Ter illustratie volgen hieronder een aantal afspraken die hiervoor zijn gemaakt:
Met de Rabobank:
1. Voordat de deelnemers starten in het bestuur van de leerlingenstichting is er voor alle deelnemers een opstartbijeenkomst bij de Rabobank (maximaal 12 deelnemers, dus ongeveer 3 sessies plannen). De powerpoint ‘Presentatie_AOC_en _Rabobank_voor_onderneming’ kan hiervoor als leidraad dienen (zie bijlagen).
2. Bij de opstart (of eigenlijk doorstart) van de leerlingenstichting adviseert de Rabobank de deelnemers in het opstellen van het ondernemersplan.

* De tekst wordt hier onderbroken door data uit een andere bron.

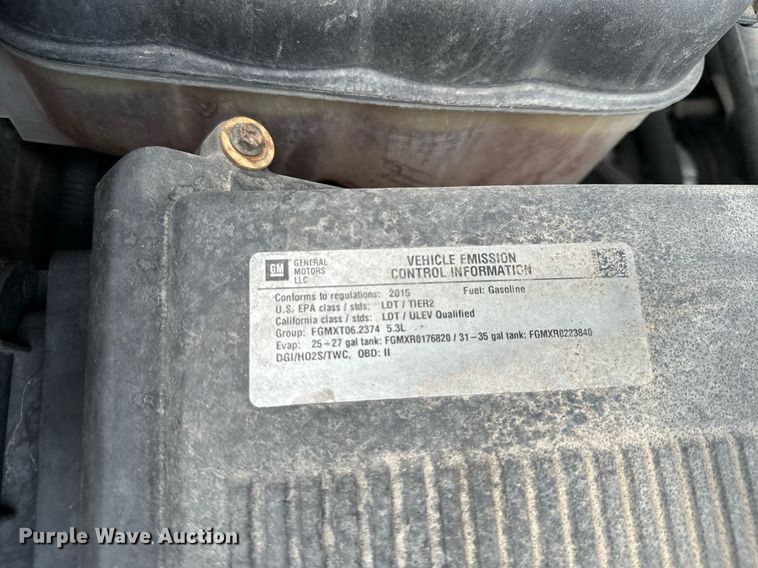 image for item MQ9338 2015 Chevrolet Silverado 1500  Crew Cab pickup truck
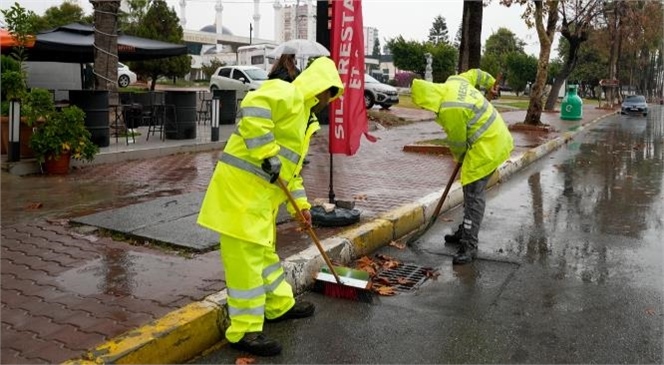 MESKİ’NİN YAĞMURSUYU TİMLERİ OLUŞABİLECEK PROBLEMLERİ HIZLICA ÖNLÜYOR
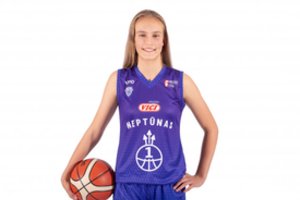 Į moterų krepšinį žengianti J. Jocytė – apie debiutą, T. Parkerio dėmesį ir kvietimą į Lietuvos rinktinę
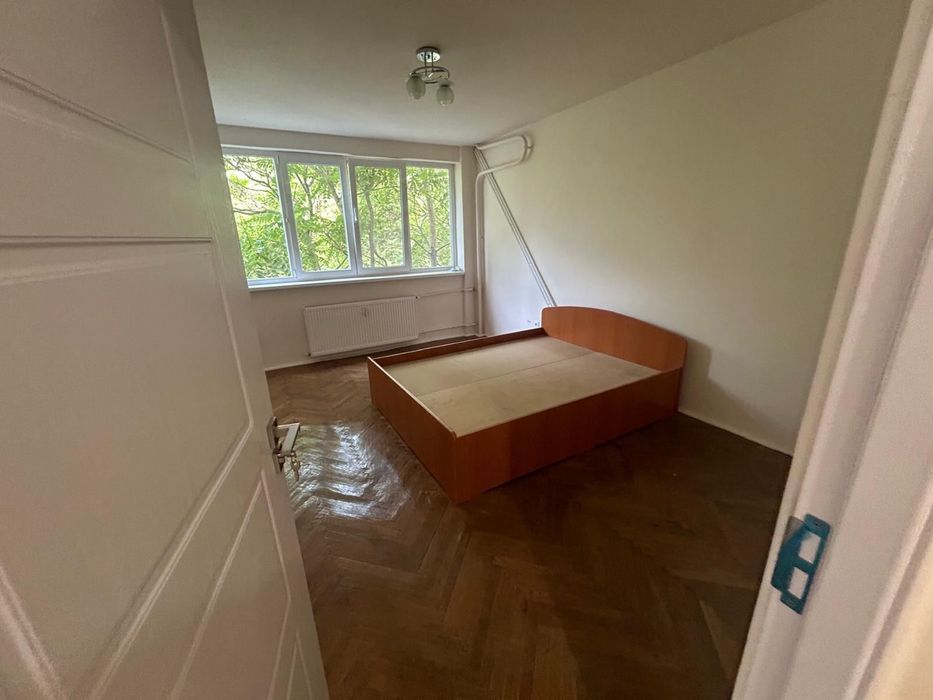 Proprietar, vand Apartament cu 2 camere in zona Piata Sudului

Dit kan telefonisch of via de mail maar er wordt sowieso een persoonlijk gesprek gepland tussen enkele vertegenwoordigers van de ll’n-stichting en de bedrijfsadviseur van de Rabobank. Er dient een ondernemersplan opgesteld te worden voor de twee ondernemingen in de stichting (Flower & Design en Terra Green Combination) en de overkoepende stichting zelf (Leerlingenstichting Almelo).
3. De adviseur van de Rabobank controleert het ondernemersplan en geeft feedback.
4. In de uitvoeringsfase daarna wordt minimaal één keer een afspraak gemaakt voor het bespreken van de voortgang. Aandachtspunten hierbij zijn niet alleen de financiële doelstellingen, maar ook de marketingdoelstellingen.
5. In de afrondingsfase (in mei of juni) gaan alle deelnemers opnieuw naar de Rabobank voor een evaluatie. Dit vindt plaats in dezelfde groepssamenstelling als in de opstartbijeenkomst (dus + 3 sessies). Als leidraad dient de powerpoint ‘Presentatie_AOC_en_Rabobank_na_onderneming’.
Met de Kamer van koophandel:
Met een nadrukkelijke e-mail worden leerlingen uitgenodigd om hun vragen bij deze opdracht inzake het starten van “fictief” bedrijf en het schrijven van een ondernemingsplan voor te leggen aan de KvK op één van de reguliere manieren: via de mail, via de telefoon of dmv een baliegesprek (waarvoor een afspraak gemaakt dient te worden). Om er voor te zorgen dat dit in goede banen verloopt en er niet voor elk wissewasje aangeklopt gaat worden bij de KvK, zullen alle vragen voordat ze aan de KvK worden gesteld voorgelegd worden aan de coach van de leerlingen in dit project.
Verzameling oefensituaties
Oefensituaties ontwikkeling ondernemende houding
Bronnen
Beoordeling
Met een reflectiegesprek, volgens Delta (*) en met toepassing van de STARR-methodiek, wordt een inschatting gemaakt van het niveau (5 puntsschaal) van de activiteit, de prestatie en het vermogen van de deelnemer. Gereflecteerd wordt op de kernopgaven (ofwel dilemma’s) waarmee de deelnemer in de praktijk werd geconfronteerd.
(*) m.b.v. het instrument DELTA-toets
Vervolgens worden deze scores vertaalt, m.b.v. de rubrics (zie link hieronder) en het getoonde niveau van realiteitszin, motivatie en beroepsidentiteit, naar de resultatenmatrix voor de SHL-competenties m.b.t. ondernemende houding met een score/rating op een 4-puntsschaal (zie link hieronder).
Het is aan te bevelen de reflectiegesprekken periodiek (bijvoorbeeld tweemaandelijks) uit te voeren. Van vier opvolgende gesprekken worden de ingevulde scores in een grafiek weergegeven. In één oogopslag zie je dan de competentieontwikkeling van de student.